3.4. La interiorización
El punto de partida no está en el exterior, sino en el interior del ser humano. Por tanto, la verdad reside en la profundidad del ser humano, en su conciencia. El pensamiento que encuentra la verdad debe partir de su propia evidencia, puesto que el punto de partida indudable e irrefutable se encuentra en la autoconciencia. 
El ser humano halla en su interior:

  • Por una parte, una naturaleza variable e inestable. El conocimiento sensible, aunque tiende a buscar objetos invariables y duraderos, ofrece objetos inestables. Si los sentidos no nos ofrecen esa estabilidad, debemos buscarla en el interior del espíritu.

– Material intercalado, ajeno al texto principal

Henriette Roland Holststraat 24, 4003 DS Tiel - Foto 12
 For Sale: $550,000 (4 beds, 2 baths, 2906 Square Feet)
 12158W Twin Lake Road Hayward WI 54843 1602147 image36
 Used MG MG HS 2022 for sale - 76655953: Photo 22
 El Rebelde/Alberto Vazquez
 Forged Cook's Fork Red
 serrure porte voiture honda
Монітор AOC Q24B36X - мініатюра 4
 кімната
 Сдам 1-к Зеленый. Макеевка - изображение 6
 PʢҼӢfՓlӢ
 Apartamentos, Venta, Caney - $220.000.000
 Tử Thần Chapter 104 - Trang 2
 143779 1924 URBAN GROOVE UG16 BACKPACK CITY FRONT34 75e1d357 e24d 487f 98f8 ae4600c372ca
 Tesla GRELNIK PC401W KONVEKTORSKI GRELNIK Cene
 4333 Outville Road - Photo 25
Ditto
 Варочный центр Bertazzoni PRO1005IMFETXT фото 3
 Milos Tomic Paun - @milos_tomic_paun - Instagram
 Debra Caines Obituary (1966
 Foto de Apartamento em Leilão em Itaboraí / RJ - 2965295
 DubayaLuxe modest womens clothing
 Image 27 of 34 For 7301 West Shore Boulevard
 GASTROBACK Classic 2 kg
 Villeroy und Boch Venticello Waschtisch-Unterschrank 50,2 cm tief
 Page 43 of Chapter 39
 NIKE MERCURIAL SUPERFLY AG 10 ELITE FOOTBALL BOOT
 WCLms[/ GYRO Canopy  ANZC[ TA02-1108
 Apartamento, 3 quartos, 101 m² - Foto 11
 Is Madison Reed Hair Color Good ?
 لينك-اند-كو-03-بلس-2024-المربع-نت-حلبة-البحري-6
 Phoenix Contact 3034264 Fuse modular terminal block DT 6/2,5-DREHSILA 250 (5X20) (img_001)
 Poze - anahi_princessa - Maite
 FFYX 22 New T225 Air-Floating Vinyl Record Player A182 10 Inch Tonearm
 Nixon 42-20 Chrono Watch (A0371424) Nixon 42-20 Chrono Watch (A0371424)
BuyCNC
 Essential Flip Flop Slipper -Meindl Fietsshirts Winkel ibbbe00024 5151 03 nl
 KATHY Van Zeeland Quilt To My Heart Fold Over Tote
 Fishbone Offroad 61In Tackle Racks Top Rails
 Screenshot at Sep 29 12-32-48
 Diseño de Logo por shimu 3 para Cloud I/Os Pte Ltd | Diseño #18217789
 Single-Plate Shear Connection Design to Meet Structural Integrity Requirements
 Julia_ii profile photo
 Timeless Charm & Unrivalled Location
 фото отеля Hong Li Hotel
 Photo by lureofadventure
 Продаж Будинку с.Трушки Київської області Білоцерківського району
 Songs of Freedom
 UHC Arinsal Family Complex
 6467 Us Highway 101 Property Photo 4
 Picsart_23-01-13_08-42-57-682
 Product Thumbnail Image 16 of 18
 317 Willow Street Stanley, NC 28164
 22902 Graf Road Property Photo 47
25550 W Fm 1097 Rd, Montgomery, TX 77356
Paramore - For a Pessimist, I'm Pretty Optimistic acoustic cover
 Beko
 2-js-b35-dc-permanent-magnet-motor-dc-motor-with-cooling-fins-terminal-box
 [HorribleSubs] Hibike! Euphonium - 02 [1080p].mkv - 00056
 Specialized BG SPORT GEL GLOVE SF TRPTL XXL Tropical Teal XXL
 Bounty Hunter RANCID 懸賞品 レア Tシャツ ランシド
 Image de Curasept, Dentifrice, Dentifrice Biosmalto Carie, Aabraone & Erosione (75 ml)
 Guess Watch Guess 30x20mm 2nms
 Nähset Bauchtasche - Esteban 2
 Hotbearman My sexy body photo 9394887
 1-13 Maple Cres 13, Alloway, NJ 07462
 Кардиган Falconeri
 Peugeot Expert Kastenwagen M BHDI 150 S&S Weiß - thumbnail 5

  • Por otra, verdades inmutables, desde las verdades matemáticas hasta las más indudables y universales. Tales verdades rebasan la mutabilidad de la naturaleza humana, y, por tanto, ésta —que es cambiante— no puede ser su fundamento. El origen de ellas ha de encontrarse en la misma inteligencia divina, donde residen las ideas en tanto que modelos de los entes. Y el ser humano no las puede conocer si no es con ayuda externa, pues se trata de un ser contingente, y las ideas, en cambio, son absolutas. De ahí que Dios ilumine al ser humano para conocer las verdades inmutables, ejemplares y absolutas. Y el ser humano encuentra estas verdades en su interior, en su conciencia, puestas ahí por Dios.